I remember growing up, my dad managed a bank. It happened periodically that the phone would ring in the middle of the night. It would be a security company telling my dad to get down to the bank, because there was an alarm. He’d get up, get dressed, and at like 3 am, head to the bank.
I knew when I became store manager of a record store, this could possibly happen to me too. Thankfully, it only happened once, and it was late-afternoon on a Sunday. But it was weird.
It was a sunny summer day, a couple hours after we closed at 5. When the phone rang and the security company was on the other end, I was ready to do whatever they needed me to do.
“We’ve had calls,” they said, “that people were walking in and out of your store. We need you to get down there and check out the situation.” That was a bit freaky, but the store was a mere 10 minutes away from my house. It didn’t take much for me to get there.
What I found when I got there was a locked door, and an undisturbed store. The alarm was still on, but not triggered. I checked the safe, the cash register, everything. It was quiet as a mouse. The only activity was another store in the plaza, doing an invite-only customer appreciation sale, but even they weren’t that busy.

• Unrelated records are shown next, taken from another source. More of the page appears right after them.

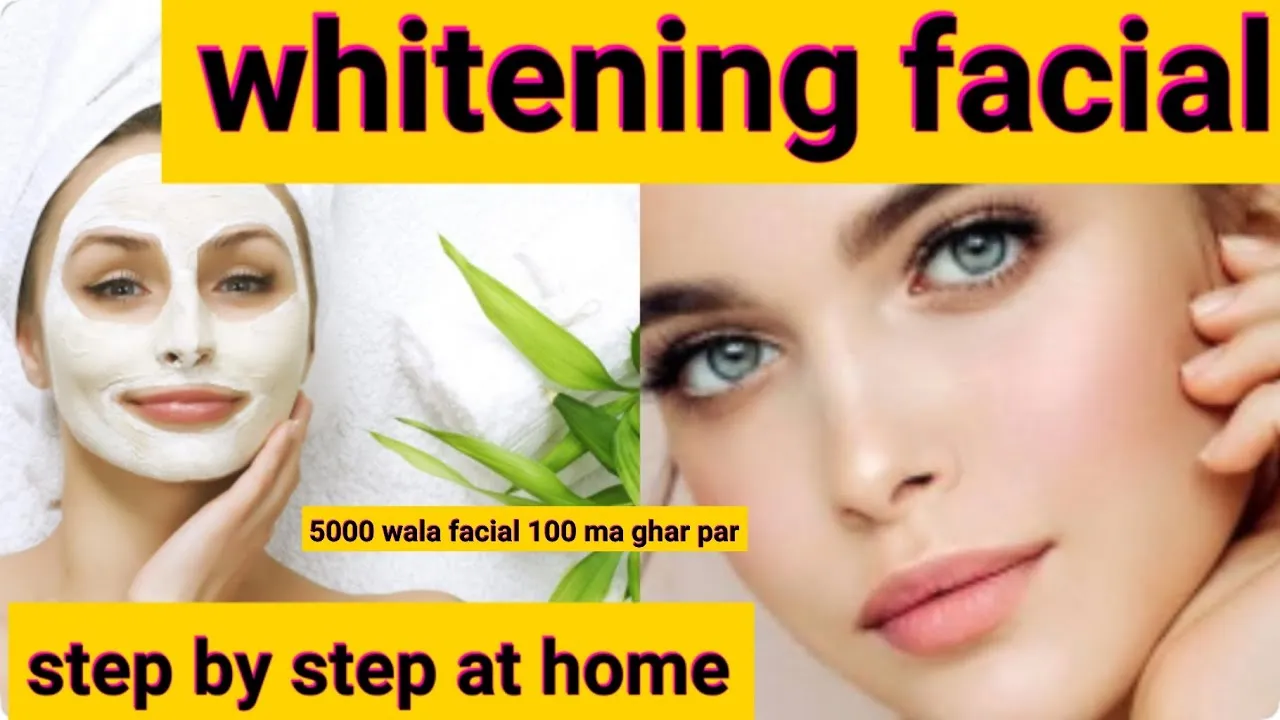 30660 facial steaming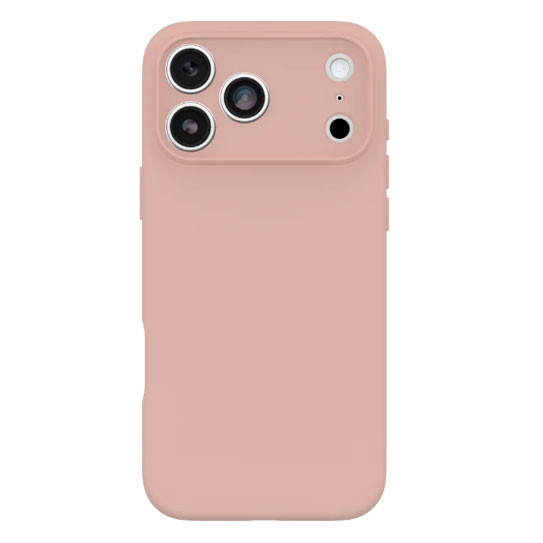OtterBox Figura Case iPhone 18 Pro Max - Pink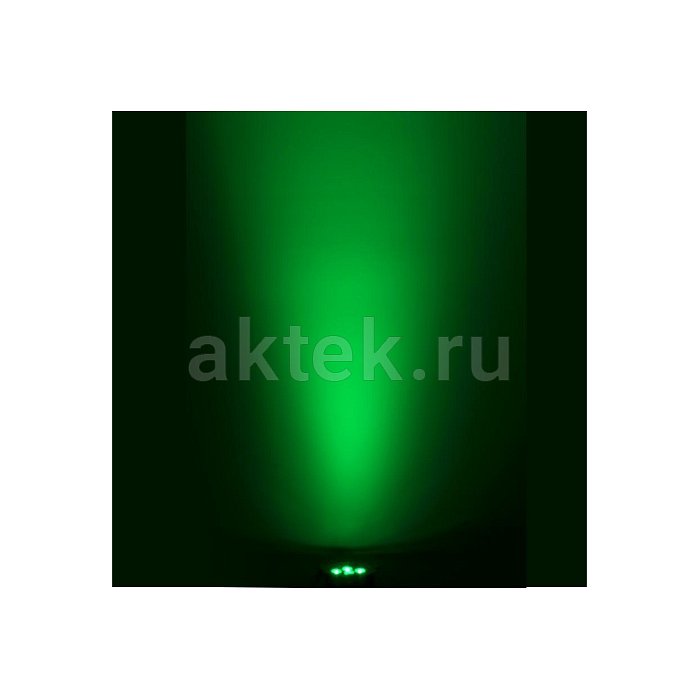 Прожектор Ross Quad led PAR RGBW 5x10w 2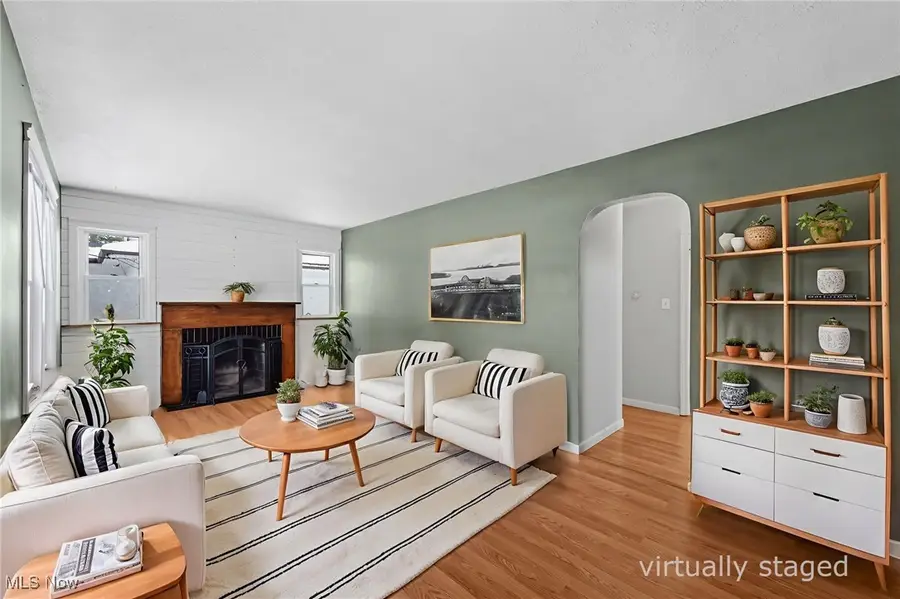 24345 Alexander Road, Oakwood, OH 44146 - Image #3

I called the alarm company. I explained that there was zero activity here, and whoever called them must have been confused. I explained that another store in the same plaza was having a sale, and people were walking in and out of that store, but not mine. I went home.
Shortly after coming home, they called me again! They said their alarm system was showing an open door. I assured them that this was not the case. They asked me to go down there again, and I said I had just returned from there, and everything was fine. I wasn’t going back.
This went back and forth before they finally mentioned the street name. And guess what? It wasn’t the right address. It was in fact one of our franchisee’s stores, a totally different owner in a completely different city.
“Wait a second – you’ve called the wrong guy,” I said. “I don’t manage that store. I’m not even in that city.” I then gave them the name of the correct person they should have called.
“We have you down as the contact,” they said.
“Well that’s wrong and you have to change it,” I retorted.
“We’ll have to talk to your store owner to make any changes like that. In the meantime, can you call the correct person and let him know his store is showing an open door?”
I looked up the number, called and left a message with his grandmother, who relayed it to the franchisee. Good to know that alarm companies are on top of their game!